Are GVRS products portable across different operating systems?.

Yes. The GVRS file format specification deliberately avoids platform-specific features.

Why is GVRS written in Java?

Well, we had to start somewhere. GVRS is a new product and Java is just the first language we chose for development. We hope that eventually GVRS will be ported to other languages such as C/C++, C#, and Rust. And we'd really like to see a Python package compatible with numpy.

From the start, we designed GVRS so that it would be easy to port to other languages or development environments. To that end, our software and data format aims for simplicity, consistency, and predictability. We also worked to keep our feature set small and nimble, so that translating the API would be a manageable task.

Why is it important to port GVRS to other languages?

First off, we're not trying to build an empire. Honest!

The idea behind porting GVRS to other languages is that it is the best way to ensure that data stored in GVRS files remains accessible to its users and authors, even if they are not running in a Java environment. When somebody invests a lot of effort into creating a data set, they should expect to be able to use that data for years to come. Porting GVRS to additional languages is one way of preserving data products from accidental obsolescence.

Is the GVRS file format documented?

Yes. A PDF document giving a full description of the GVRS file format can be found under the Gridfour Project Notes page. For anyone interested in working on the GVRS API or implementing new code to read GVRS files, we've also posted a suite of test files as part of the Resources collection in our standard software distribution.

How do you pronounce "GVRS" ?

In English, you may find it convenient to pronounce GVRS as "givers". It will be interesting to hear what speakers of other languages come up with.

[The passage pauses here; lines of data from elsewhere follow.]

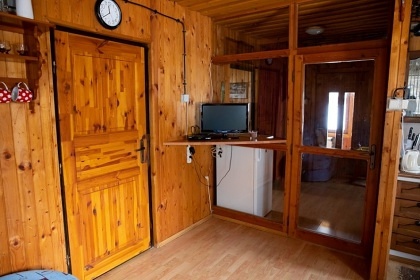 Chata Terchová - Malá Fatra - Rozsutec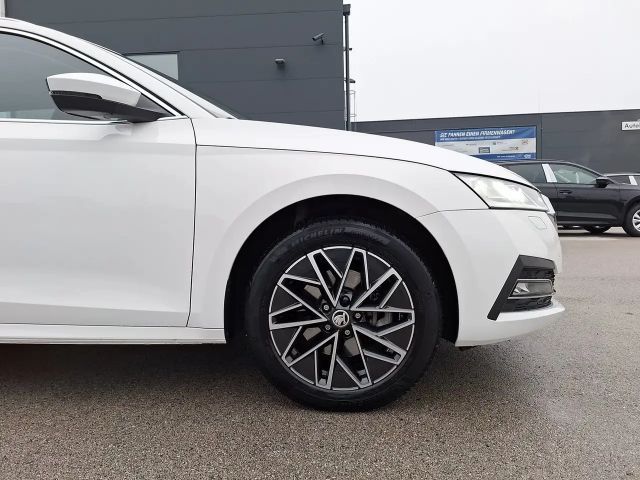 Skoda Octavia 4x4 Style Style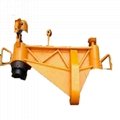hydraulic rail bender for railway with high quality and discount price  5
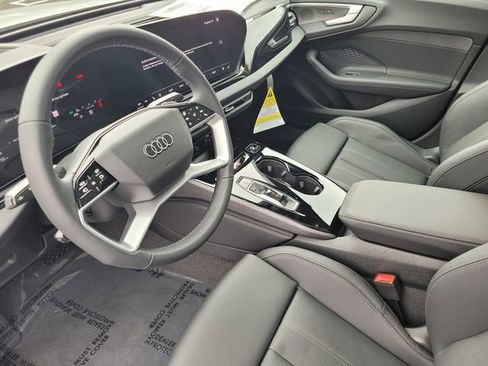 Used 2025 Audi A5 2.0T Premium Plus w/ Premium Plus image 11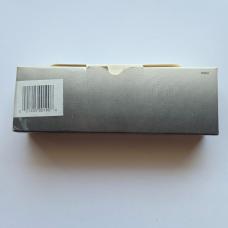 1985 Case XX 6254 SSP Trapper Knife Tested XX Razor Edge MIB Box Papers 5-Dot USA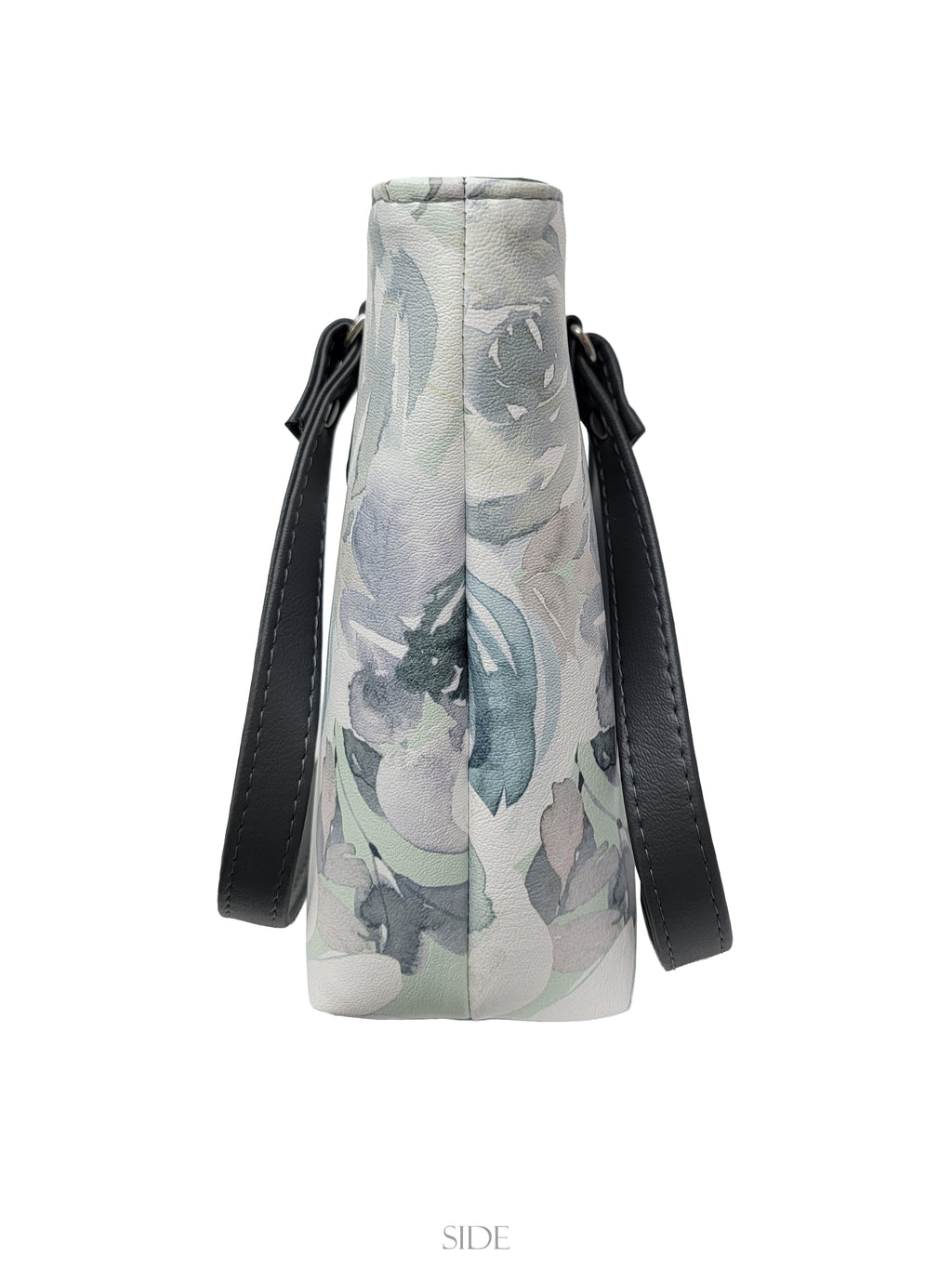 Shades of Blue Little B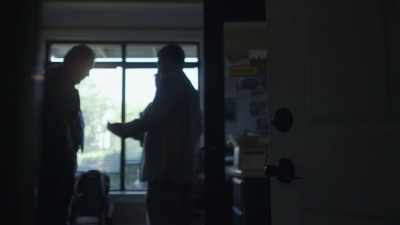 "I had this tenant who was behind in her rent, - The Killer Truth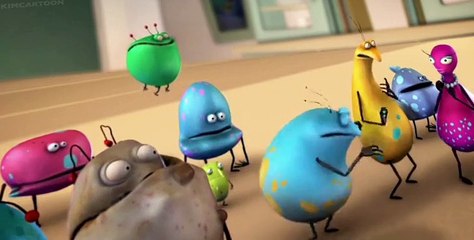 Erky Perky Erky Perky S02 E001 Buggy Bug Buggleson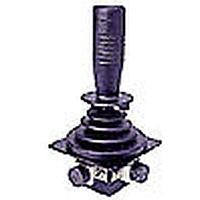 ETI Systems J90-IQ10-SMB 1-Axis ExtraSturdy Joystick Single Axis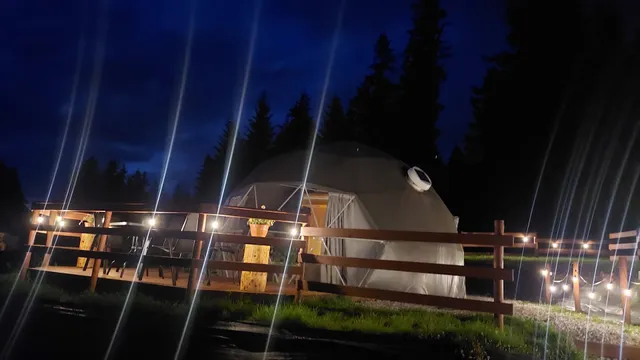 Tatra Glamp Tarasówka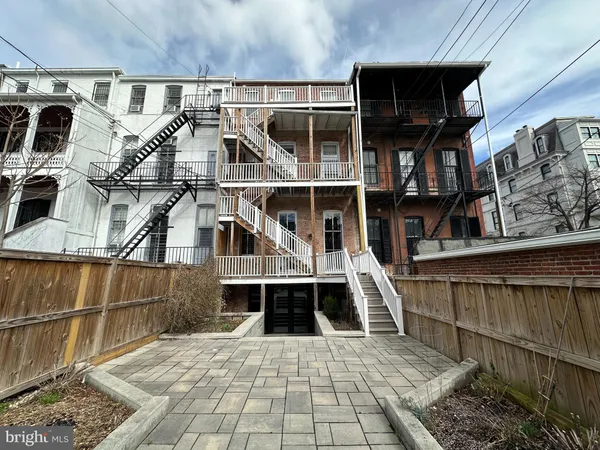$1,150 | 1602 Park Avenue, Unit 2R, Baltimore, MD 21217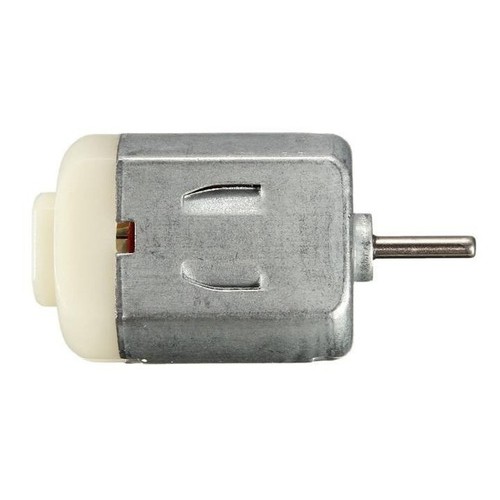 Mini Motor 3v A 6v Dc Motorzinho Brinquedos 5000 ~ 10000 Rpm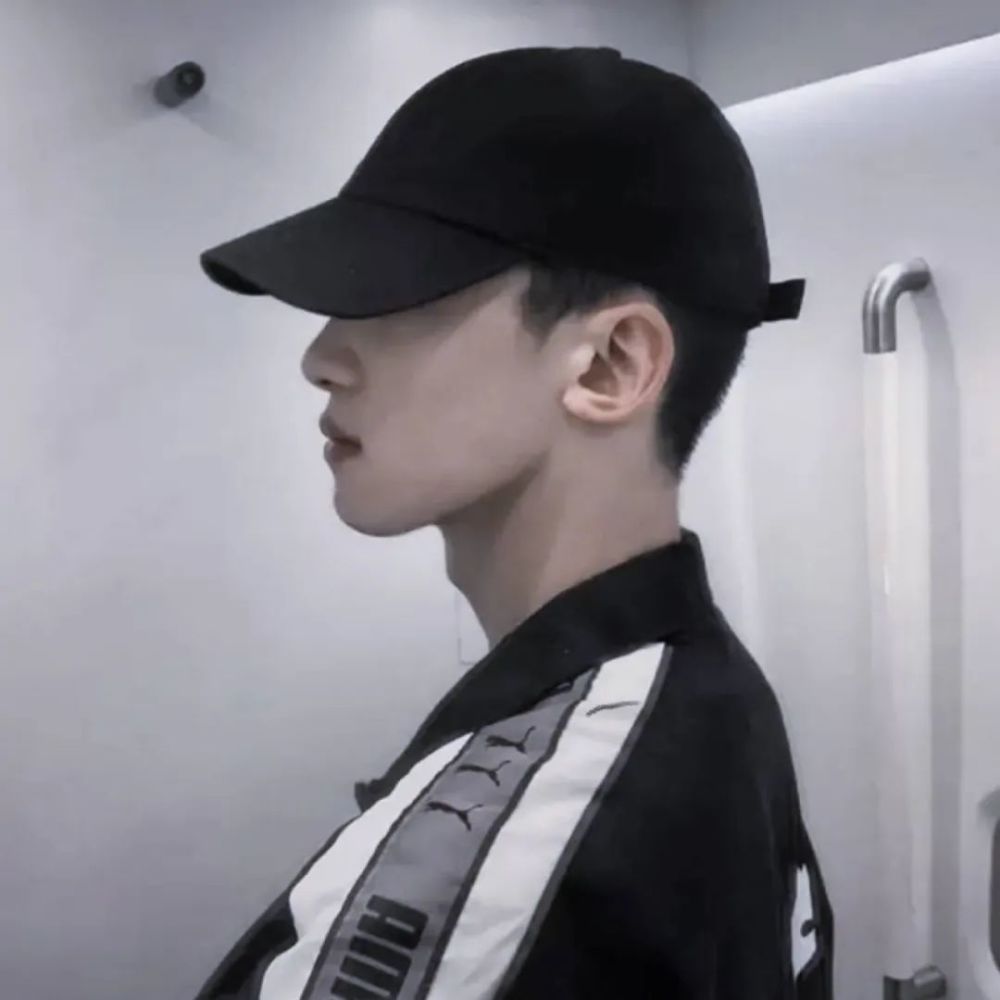 男生头像丨无脸男._腾讯新闻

What was the Gem93 project?

We mentioned Gem93 on our main page. You may be wondering what it was all about. Gem93 was a software project that anticipated many of the features that are incorporated into GVRS. It implemented predictor-based data compression, tile-indexing, dynamic file-space management, and a data caching mechanism that resembles the one used in GVRS today. Although the state-of-the-art has advanced in the 30 years since Gem93 was created, it is still in use at a few sites today. So that's a good legacy. And we will end this FAQ by acknowledging our roots. To Rick, Laura, Willi, and John... Thank you for the work you did then and the inspiration you've given to the GVRS project now.